Après cette petite soirée qui constituait un grand pas de la part de Nina, les choses ont repris leur cours habituel. Elle est redevenue la personne froide et fermée. Et plus les jours passent, plus elle semble triste.
C'est pour ça que je la suis actuellement, lors de sa petite escapade nocturne. Je sais, c'est mal, mais j'ai besoin de savoir ce qu'elle fait toutes les nuits, où elle va, si elle a des ennuis... Peut être que je pourrais faire quelque chose pour elle.Je marche à une distance raisonnable afin de ne pas me faire remarquer. Lorsqu'elle s'arrête de marcher, mon attention se porte sur l'endroit où nous sommes. Je me sens aussitôt mal de l'avoir suivie, je n'ai rien à faire ici.

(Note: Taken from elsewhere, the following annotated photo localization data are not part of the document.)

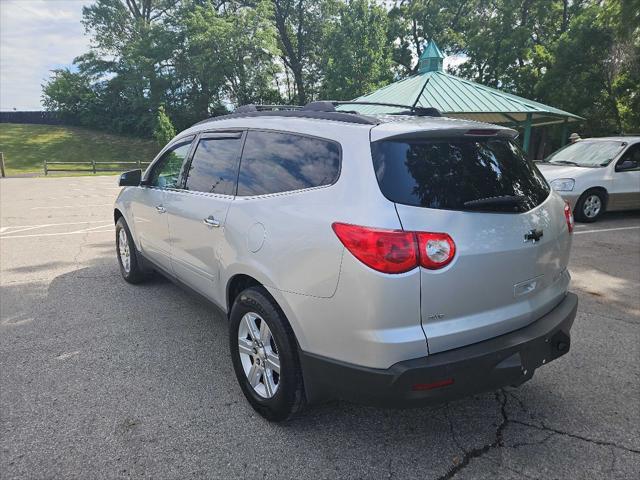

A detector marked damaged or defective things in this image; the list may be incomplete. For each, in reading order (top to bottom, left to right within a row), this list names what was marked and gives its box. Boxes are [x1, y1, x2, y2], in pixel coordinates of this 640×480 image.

pavement crack [436, 390, 510, 480]
pavement crack [510, 420, 640, 454]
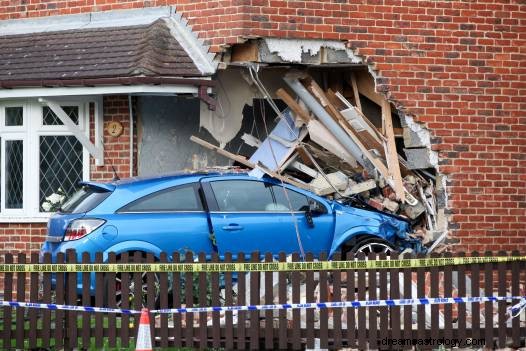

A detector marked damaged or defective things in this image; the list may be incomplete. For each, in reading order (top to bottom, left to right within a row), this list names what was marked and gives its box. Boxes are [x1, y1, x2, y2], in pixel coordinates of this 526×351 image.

broken plaster [262, 38, 364, 65]
damaged doorframe [38, 98, 104, 166]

Lentement, elle avance encore un peu avant de s'accroupir et de littéralement fondre en larmes. Elle pose sa main sur le marbre sans doute gelé par la nuit et l'hiver, et commence à parler longuement.
Je ne devrais pas, mais je reste quand même là à l'écouter parler en dépit du fait que je ne saisis que des fragments de phrases.« Bon sang, c'est horrible. [...] Plus les jours passent, et plus je me demande comment je vais tenir sans toi. [...] Tu me manques tu sais. Des fois, je me demande ce que je fous encore ici, parce que par moment j'ai l'impression que plus rien ne me retiens depuis que t'es plus là. [...] je supporte plus ton absence. Je j'aurais jamais imaginé que ce soit aussi compliqué. J'ai encore besoin de toi, il faut que tu m'expliques pourquoi j'y arrive pas. Pourquoi je me relève pas. Parce que j'ai beau chercher je comprends pas. »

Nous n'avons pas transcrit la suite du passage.